Я пошел на место встречи. Ко мне подошел парень и сказал: «Как дела, Омар?» — словно мы были старыми знакомыми. Я так и обомлел, поскольку решил, что вижу его впервые.
А оказывается, что я просто не узнал его, потому что он сильно изменился. Это был мой товарищ по начальным классам коллегии «Сан-Рамон» [28]. Он готовился стать священником и поступил в семинарию в Манагуа, затем учился в Гондурасе, а потом, оставив семинарию, ушел к партизанам. Это был Леонель Ругама [29], мой первый руководитель в СФНО.
II
В страстную неделю [30] мой город — это город-призрак, облаченный в какие-то средневековые одеяния. Жарко в Леоне в дни страстной недели, очень-очень жарко. Мостовая нагрета, пыль горячая, сиденья автомобилей и скамейки в парках обжигают, и вода, которую пьешь через соломинку, теплая. Все горячее в этом городе в страстную неделю. Даже волосы на голове обжигают. Горячи и мысли... Пойми меня, жарко в Леоне в страстную неделю. Представь себе, так жарко, что даже машины почти не ездят по улице. В центре города — ни души. Все, у кого есть возможность, уезжают к морю. Я имею в виду буржуазию, проживающую в вымощенном городском центре. В городе увидишь только собак, бредут краем тротуаров, прямо там, где ходят люди, потому что там есть хоть немного тени. Впрочем, эта тень тоже горячая. И видно великое множество собак, быстро семенящих, почти несущихся по улице с остекленевшими глазами и стекающей из пасти пеной... Собаки эти бегут, мчатся не осматриваясь по сторонам, не зная, куда же наконец занесет их (думаю, что и оглядеться-то им жарко). Таков Леон в жару.

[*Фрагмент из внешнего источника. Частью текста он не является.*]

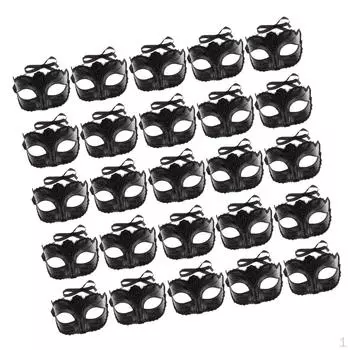 25 маскарадных тиаров на Хэллоуин для женщин и мужчин, нарядное платье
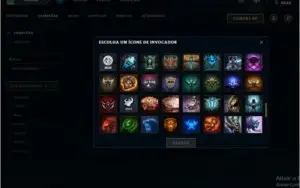 Conta Diamante 2 | Todos Champs | 4 Skins Vitoriosas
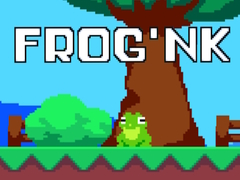 Laro Frog’nk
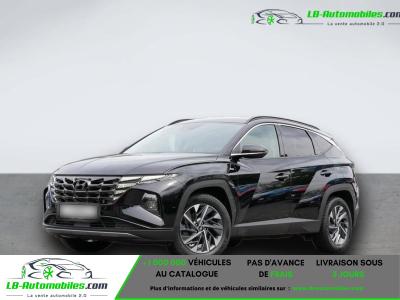 Hyundai Tucson 1.6 T-GDI 150 Hybrid 48V BVA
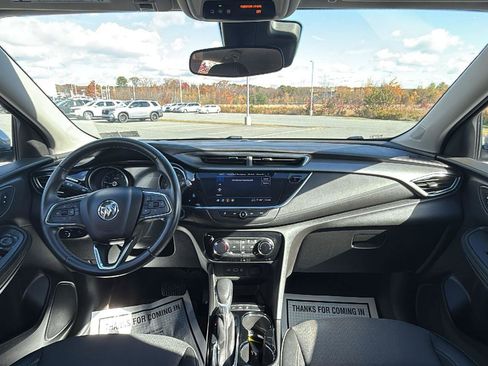 Used 2023 Buick Encore GX Preferred w/ Cold Weather Comfort Package image 25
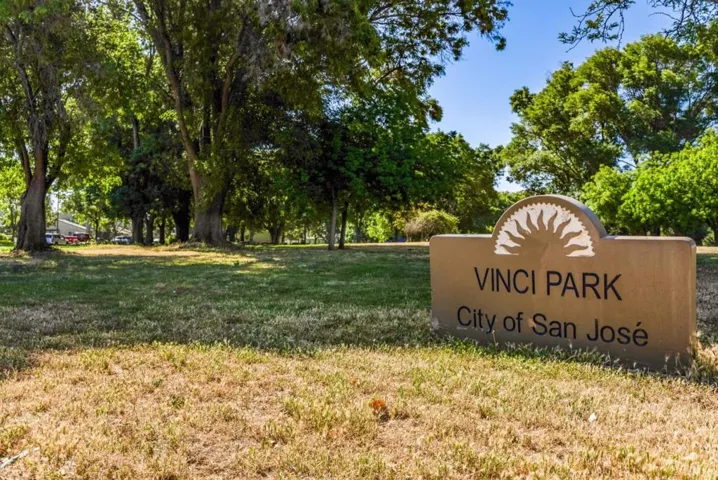 1033 Gabbiano Lane 3, San Jose, California 95131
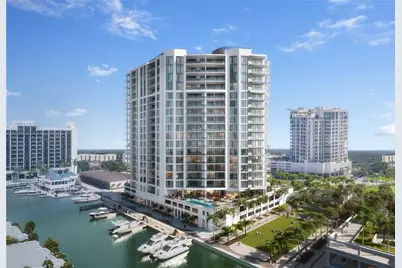 555 Quay Commons #902, Sarasota, FL 34236 - Photo 1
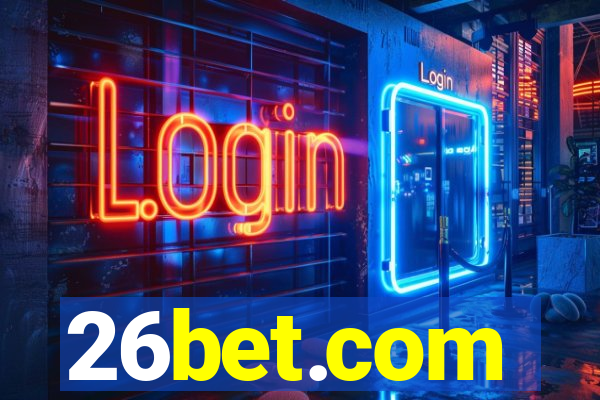 26bet.com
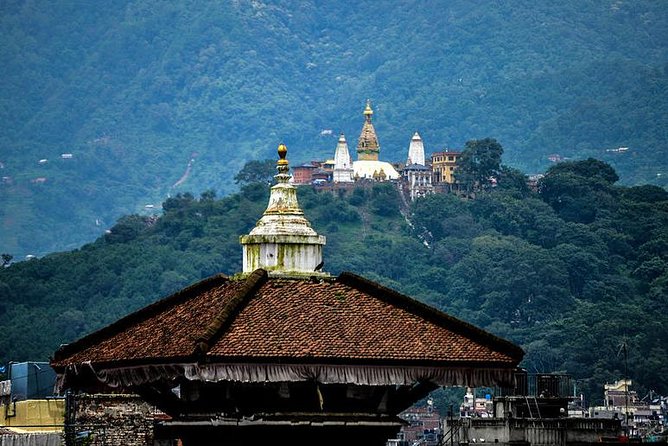 KATHMANDU FULL DAY SIGHTSEEING TOUR (6-hrs) - Stop 3: Patan Durbar Square, temples first then deeper city courtyards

В эти дни закрыто все... И магазины. И даже жилые дома. Единственное место, где открыто, так это у Прио, чье заведение на углу парка, в доме колониальной постройки с двойной дверью, всегда распахнутой настежь. Когда немного задувал ветер, деревья парка, освежая воздух, делали его порывы не столь обжигающими. (Я хочу убедить того, кто это читает, что Леон — место жаркое. Что это не моя выдумка... что там страшная жарища...)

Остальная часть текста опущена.